# WHAT NEEDS TO BE DONE:
The answer must be an exact printing of every record below, with the pictures omitted.

(Items from a dataset)
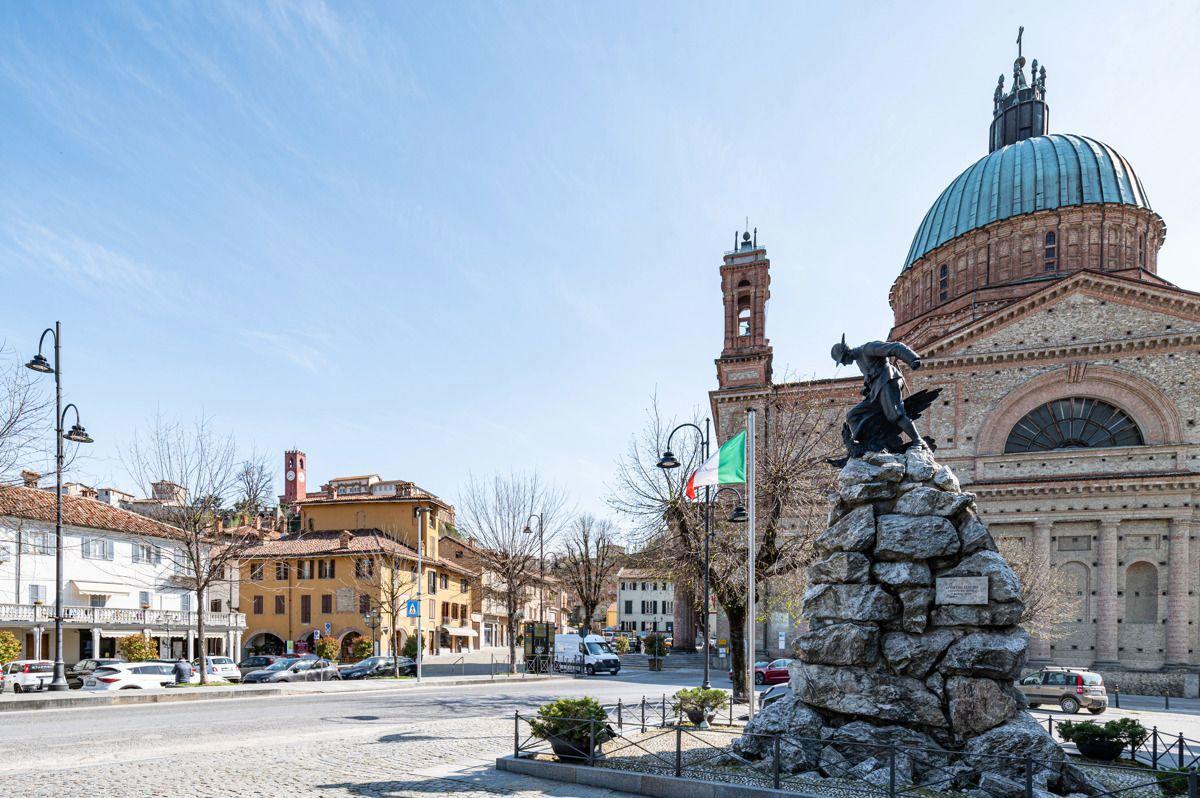 Esercizio commerciale in Piazza Umberto I, Dogliani, {3} - Foto 2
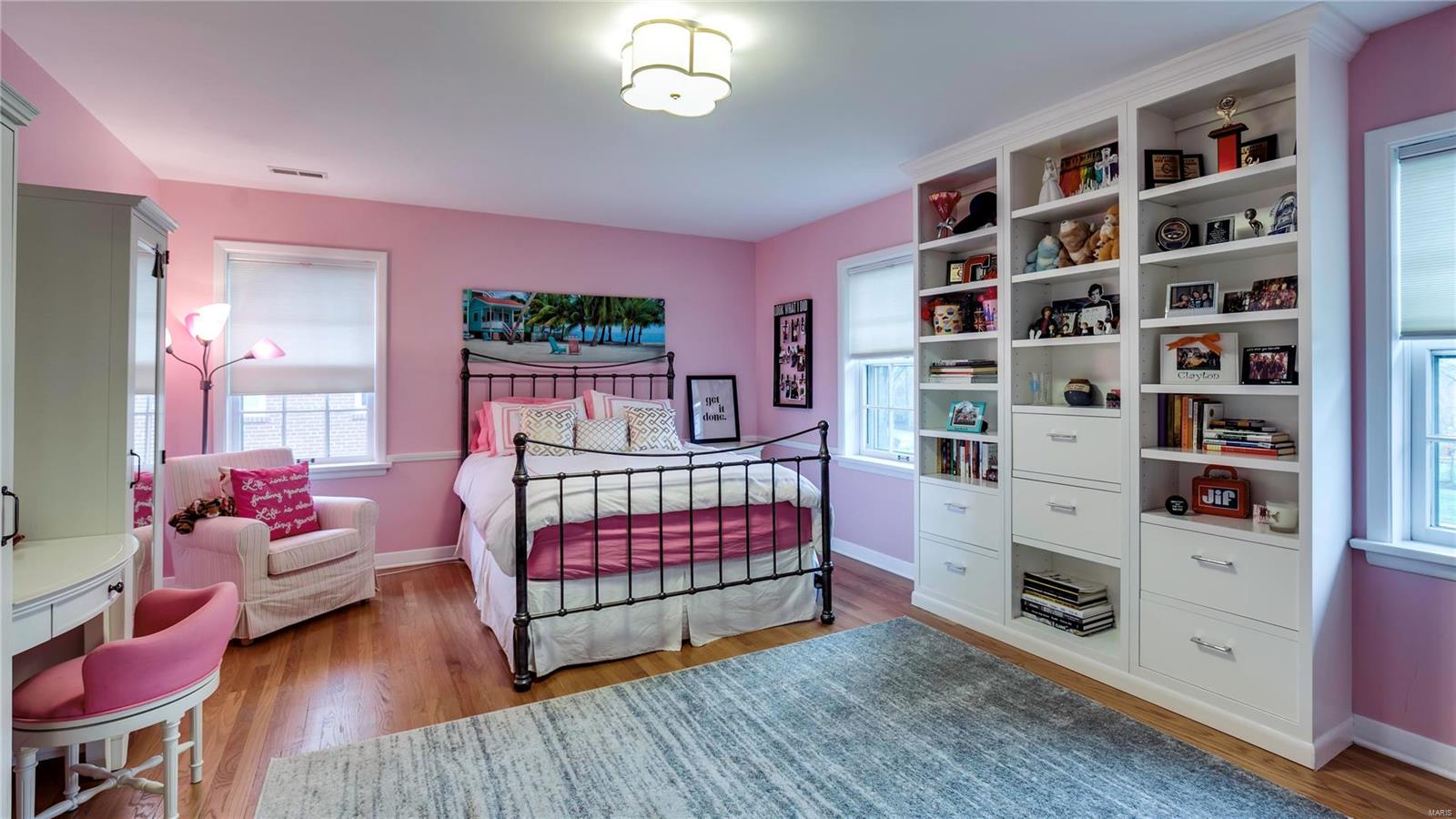 Davis Place - Residential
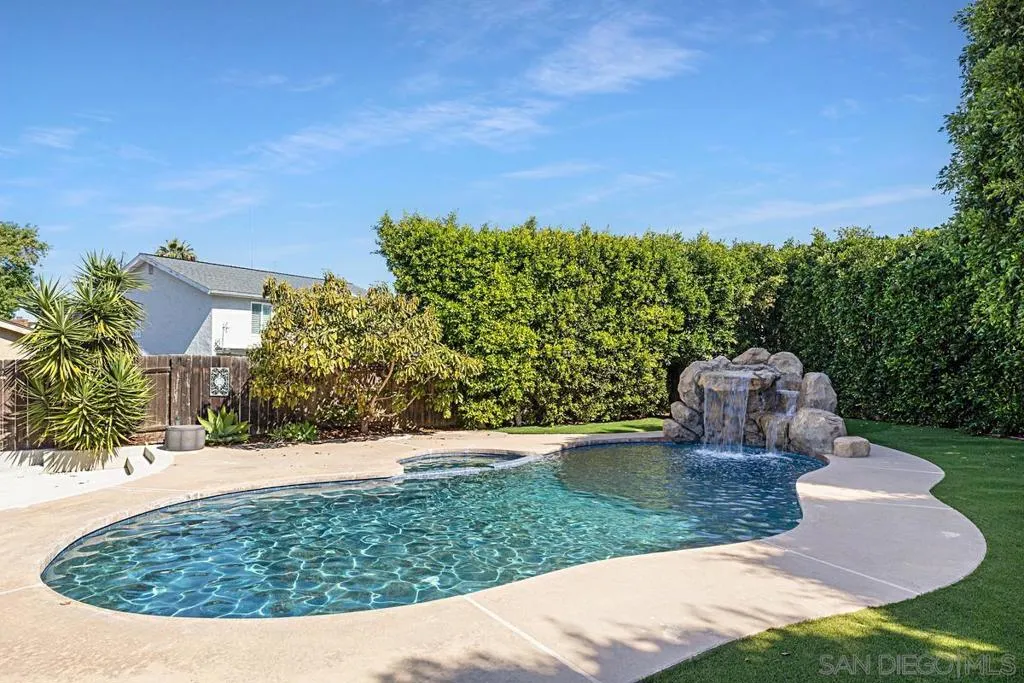 6210 Hannon Court, San Diego, California 92117 home-pic-31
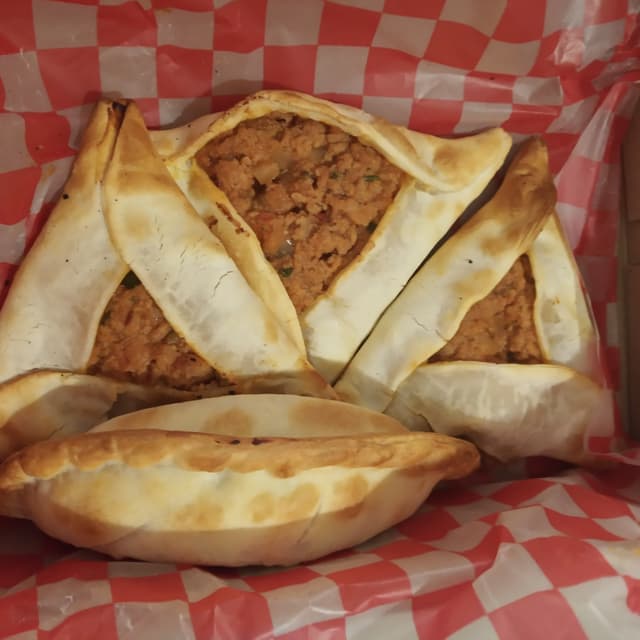 Foto del plato “Empanada Árabe”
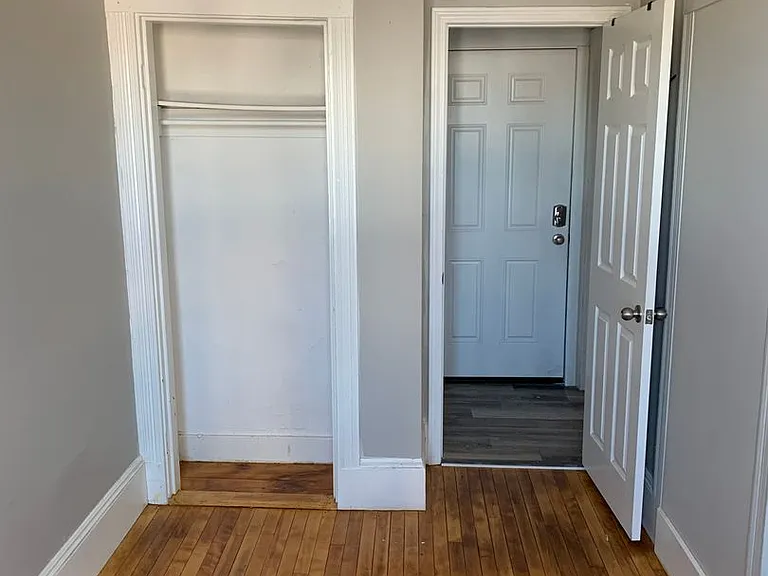 135 Lafayette Sq — Photo 11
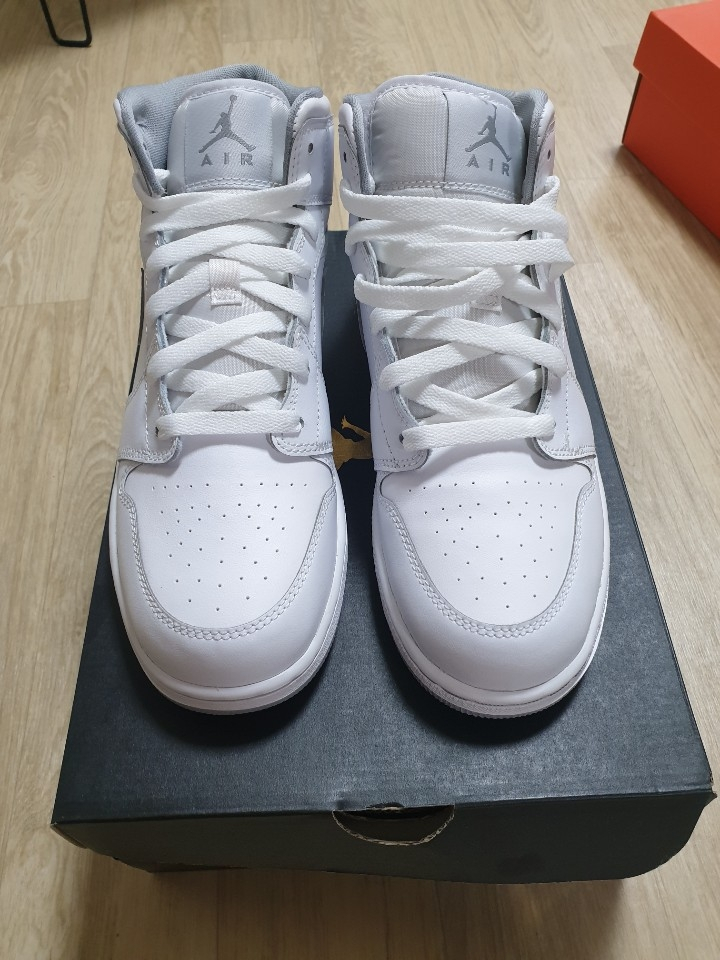 정품 조던1 250 올빽 화이트 새것 풀박 팝니다--3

# REPLY TO THE EXERCISE:
 Esercizio commerciale in Piazza Umberto I, Dogliani, {3} - Foto 2
 Davis Place - Residential
 6210 Hannon Court, San Diego, California 92117 home-pic-31
 Foto del plato “Empanada Árabe”
 135 Lafayette Sq — Photo 11
 정품 조던1 250 올빽 화이트 새것 풀박 팝니다--3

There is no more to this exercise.